Furtado cumpriu dez anos em regime fechado, ganhou direito ao semiaberto (saía para trabalhar, com autorização da Justiça e voltava para dormir na prisão), mas não voltou naquele dia ao Centro de Progressão Penitenciária de Belém (CPPB).
Desde então, a Polícia Civil do Pará está fazendo diligências para recapturá-lo.
A advogada Celina Hamoy, que acompanhou a família de Marielma à época do crime, lamenta que Furtado esteja solto. Por outro lado, diz que a falha é do sistema penal brasileiro, que não controla de modo eficiente o retorno à cadeia de quem está no regime semiaberto.
Saída temporária
Também condenada pela morte de Marielma, com uma pena de 33 anos de prisão, Roberta Sandreli Monteiro, ganhou direito a uma saída temporária da prisão em agosto de 2015, pelo Dia dos Pais. Também não retornou no prazo previsto pela Justiça.
Foi recapturada este ano e voltou para o regime fechado no Centro de Recuperação Feminino (CRF) da Susipe (Superintentência do Sistema Penitenciário) do Pará, em Ananindeua.
A Susipe informou que, em 2015, a Justiça autorizou a saída temporária de 5.206 detentos no Pará em datas especiais, como Natal ou Dia dos Pais. Destes, 4.617 retornaram e 589 (11,3%) não retornaram no período determinado, passando a ser considerados foragidos.
No Pará, a Justiça garante aos detentos que cumprem pena no regime semiaberto o direito a cinco saídas temporárias no ano.

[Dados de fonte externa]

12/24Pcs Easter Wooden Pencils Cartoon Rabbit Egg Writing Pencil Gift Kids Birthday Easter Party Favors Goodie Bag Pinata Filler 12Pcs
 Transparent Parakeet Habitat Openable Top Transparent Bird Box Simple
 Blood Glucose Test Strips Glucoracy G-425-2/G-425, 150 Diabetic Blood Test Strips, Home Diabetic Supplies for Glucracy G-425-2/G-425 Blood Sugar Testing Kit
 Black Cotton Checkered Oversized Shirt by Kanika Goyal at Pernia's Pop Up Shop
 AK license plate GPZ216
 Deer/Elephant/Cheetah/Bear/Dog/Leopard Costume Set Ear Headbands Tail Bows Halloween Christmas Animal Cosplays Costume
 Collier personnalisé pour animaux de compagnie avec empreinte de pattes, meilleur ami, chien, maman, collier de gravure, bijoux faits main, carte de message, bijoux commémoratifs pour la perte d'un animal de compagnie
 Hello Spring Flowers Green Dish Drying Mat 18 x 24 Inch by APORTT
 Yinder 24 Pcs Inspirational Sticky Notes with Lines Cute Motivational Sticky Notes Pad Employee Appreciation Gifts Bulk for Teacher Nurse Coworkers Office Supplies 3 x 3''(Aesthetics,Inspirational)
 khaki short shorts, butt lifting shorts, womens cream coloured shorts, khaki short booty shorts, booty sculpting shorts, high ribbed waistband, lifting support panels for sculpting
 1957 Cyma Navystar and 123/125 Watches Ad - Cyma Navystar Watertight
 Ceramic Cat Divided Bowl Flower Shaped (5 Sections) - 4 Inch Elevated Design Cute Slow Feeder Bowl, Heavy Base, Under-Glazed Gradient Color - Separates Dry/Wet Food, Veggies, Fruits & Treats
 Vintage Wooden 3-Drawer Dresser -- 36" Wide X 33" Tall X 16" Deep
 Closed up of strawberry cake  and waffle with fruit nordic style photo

A Susipe não possui dados sobre quantos dos 589 já retornaram espontaneamente ou foram recapturados, mas destaca que não necessariamente todos continuam foragidos. A população carcerária do Pará é formada hoje por 13.836 detentos.
O Departamento Penitenciário Nacional, órgão do Ministério da Justiça, informou não dispor de dados nacionais sobre fugas. O Brasil tem hoje uma população carcerária de 622.202 pessoas, sendo que 16% cumprem pena em regime semiaberto.
Combate ao trabalho infantil
O caso de Marielma tornou-se símbolo da luta contra o trabalho infantil doméstico, uma prática que o país ainda tolera e que só costuma punir com severidade quando alcança extremos como tortura, estupro e morte.
Marielma foi "dada" pela mãe, uma agricultora da cidade de Vigia, no litoral paraense, para trabalhar na casa de Furtado e Rolim, em Belém.
"Marielma cuidaria do bebê do casal. Em troca, teria escola, roupa, comida, e a família receberia uma cesta básica mensal. Mas nada disso aconteceu", conta Hamoy.
Marielma foi seguidamente torturada e espancada pelo casal, até ser encontrada morta em novembro de 2005. Um laudo médico apontou costelas quebradas, rins e pulmões perfurados, além de cortes e queimaduras. O exame também indicou sêmen no corpo da menina, indício de violência sexual.
A defesa dos patrões alegou à época que Marielma havia molestado a filha deles, de um ano. Exames no bebê descartaram essa tese.
Em Belém, uma lei municipal promulgada em 2009 transformou o dia 12 de novembro, data da morte de Marielma, em Dia Municipal do Combate à Exploração da Mão de Obra Infantil.